Ayah Hasan datang, dan berkata dengan raut muka kesal: "Hoi, mandi kalian! Sudah tidak sholat, bangun tidurpun kesiangan."
Demikianlah Hasan dan Anwar dibungkam oleh ayah Hasan yang saleh. Setinggi apapun sekolah anak, tetap akan dibayangi oleh rasa hormat kepada ayahnya. Entah salehnya asli atau dibuat-buat. Bagaimanapun, ayahnya telah lebih dulu menjalani kehidupan.
Banyak berjalan banyak dilihat, duluan menjalani hidup tentu duluan melihat kenyataan. Ayah, bagaimanapun tidak selalu mengatakan semua hal yang ia tahu, karena tidak semua hal yang kita tahu itu perlu. Cukup tahu, sudah. ---the end---
Ulasan:
Tidak secara spesifik simbol-simbol agama dipertentangkan dengan kontras dengan dalil atheisme sesuai judulnya.
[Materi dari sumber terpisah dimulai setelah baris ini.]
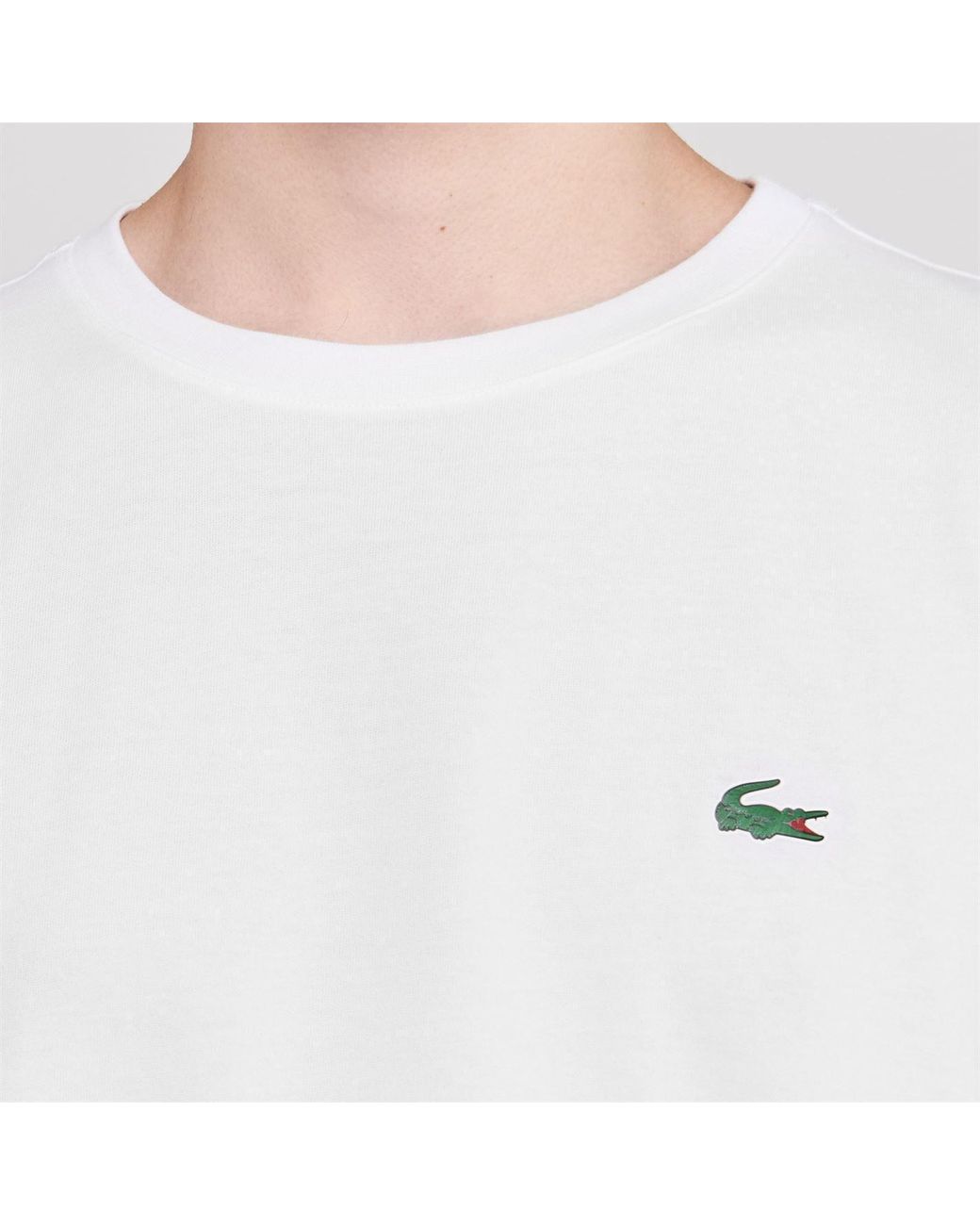 Lacoste White Crew Neck Long Sleeve Top for men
Sikap hidup dari karakter yang mewakili golongan modern dalam novel yang dipandang tidak mengikuti pakem religiusitas masyarakat kita pada umumnya, dalam hal ini adalah Anwar dan Hasan, adalah sebuah metafora untuk mengkritik, baik yang lahir dari kaum agamis maupun mereka yang memandang diri lahir dari rahim modernisme. Kritik atas diri Anwar, Hasan dan Ayah Hasan.
Mungkin sebagian pembaca justru akan memberi ulasan, siapakah sebenarnya yang lebih menyeramkan, sosok khayali Mbah Jambrong atau ayah Hasan?
Manusia yang agamis, mudah sekali mengaminkan bahwa Allah, Tuhan yang Maha Esa itu sebagai Kurios. Kurios adalah sebuah kata dalam bahasa Yunani yang berarti sang pemilik, sang empunya, atau tuan. Namun, tanpa sadar sebenarnya manusia sendiri yang mengatur seperti apa sang pemilik, sang empunya, tuan atau Tuhan itu seharusnya menurut pandangannya.
Manusia yang bersikap seperti ini, bahkan bisa saja menyatakan bahwa ia menyadari kalau ternyata Mbah Jambrong menjadi keramat yang seram itupun disebabkan oleh sang Kurios.